Nine-hour X-ray quasi-periodic eruptions from a low-mass black hole galactic nucleus

Miniutti, G., Saxton, R. D., Giustini, M., Alexander, K. D., Fender, R. P., Heywood, I., Monageng, I., Coriat, M., Tzioumis, A. K., Read, A. M., Agis González, B. 2019. Nine-hour X-ray quasi-periodic eruptions from a low-mass black hole galactic nucleus. Nature 573, 7774 DOI: 10.1038/s41586-019-1556-x

In the past two decades, high-amplitude electromagnetic outbursts have been detected from dormant galaxies and often attributed to the tidal disruption of a star by the central black hole(1,2). X-ray emission from the Seyfert 2 galaxy GSN 069 (2MASX J01190869-3411305) at a redshift of z = 0.018 was first detected in July 2010 and implies an X-ray brightening by a factor of more than 240 over ROSAT observations performed 16 years earlier(3,4). The emission has smoothly decayed over time since 2010, possibly indicating a long-lived tidal disruption event(5). The X-ray spectrum is ultra-soft and can be described by accretion disk emission with luminosity proportional to the fourth power of the disk temperature during long-term evolution. Here we report observations of quasi-periodic X-ray eruptions from the nucleus of GSN 069 over the course of 54 days, from December 2018 onwards. During these eruptions, the X-ray count rate increases by up to two orders of magnitude with an event duration of just over an hour and a recurrence time of about nine hours. These eruptions are associated with fast spectral transitions between a cold and a warm phase in the accretion flow around a low-mass black hole (of approximately 4 x 10(5) solar masses) with peak X-ray luminosity of about 5 x 10(42) erg per second.

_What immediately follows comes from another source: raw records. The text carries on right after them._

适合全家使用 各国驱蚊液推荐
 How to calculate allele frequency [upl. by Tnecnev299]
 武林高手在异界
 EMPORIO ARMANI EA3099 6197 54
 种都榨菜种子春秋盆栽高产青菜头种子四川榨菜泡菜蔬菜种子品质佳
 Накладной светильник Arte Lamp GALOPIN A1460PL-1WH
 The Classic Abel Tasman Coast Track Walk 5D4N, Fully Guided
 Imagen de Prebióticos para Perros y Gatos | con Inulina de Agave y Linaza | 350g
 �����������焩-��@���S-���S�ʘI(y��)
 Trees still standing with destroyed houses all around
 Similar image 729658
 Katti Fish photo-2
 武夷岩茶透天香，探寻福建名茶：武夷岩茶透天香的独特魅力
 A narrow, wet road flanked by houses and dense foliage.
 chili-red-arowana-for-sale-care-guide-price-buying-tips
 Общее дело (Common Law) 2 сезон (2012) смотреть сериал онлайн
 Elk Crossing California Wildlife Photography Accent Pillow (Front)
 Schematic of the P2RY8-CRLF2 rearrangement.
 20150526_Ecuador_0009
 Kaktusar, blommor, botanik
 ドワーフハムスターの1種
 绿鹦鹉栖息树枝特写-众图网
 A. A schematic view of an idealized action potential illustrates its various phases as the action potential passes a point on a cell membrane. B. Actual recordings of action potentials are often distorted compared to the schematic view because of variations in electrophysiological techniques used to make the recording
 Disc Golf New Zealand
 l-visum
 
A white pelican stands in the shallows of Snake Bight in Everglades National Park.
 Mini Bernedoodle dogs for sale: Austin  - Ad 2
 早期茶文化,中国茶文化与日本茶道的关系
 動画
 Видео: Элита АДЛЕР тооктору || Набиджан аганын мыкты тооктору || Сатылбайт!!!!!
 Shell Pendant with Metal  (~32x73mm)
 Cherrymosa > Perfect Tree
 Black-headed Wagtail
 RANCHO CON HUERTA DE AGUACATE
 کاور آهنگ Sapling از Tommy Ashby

The warm phase has kT (where T is the temperature and k is the Boltzmann constant) of about 120 electronvolts, reminiscent of the typical soft-X-ray excess, an almost universal thermal-like feature in the X-ray spectra of luminous active nuclei(6-8). If the observed properties are not unique to GSN 069, and assuming standard scaling of timescales with black hole mass and accretion properties, typical active galactic nuclei with higher-mass black holes can be expected to exhibit high-amplitude optical to X-ray variability on timescales as short as months or years(9).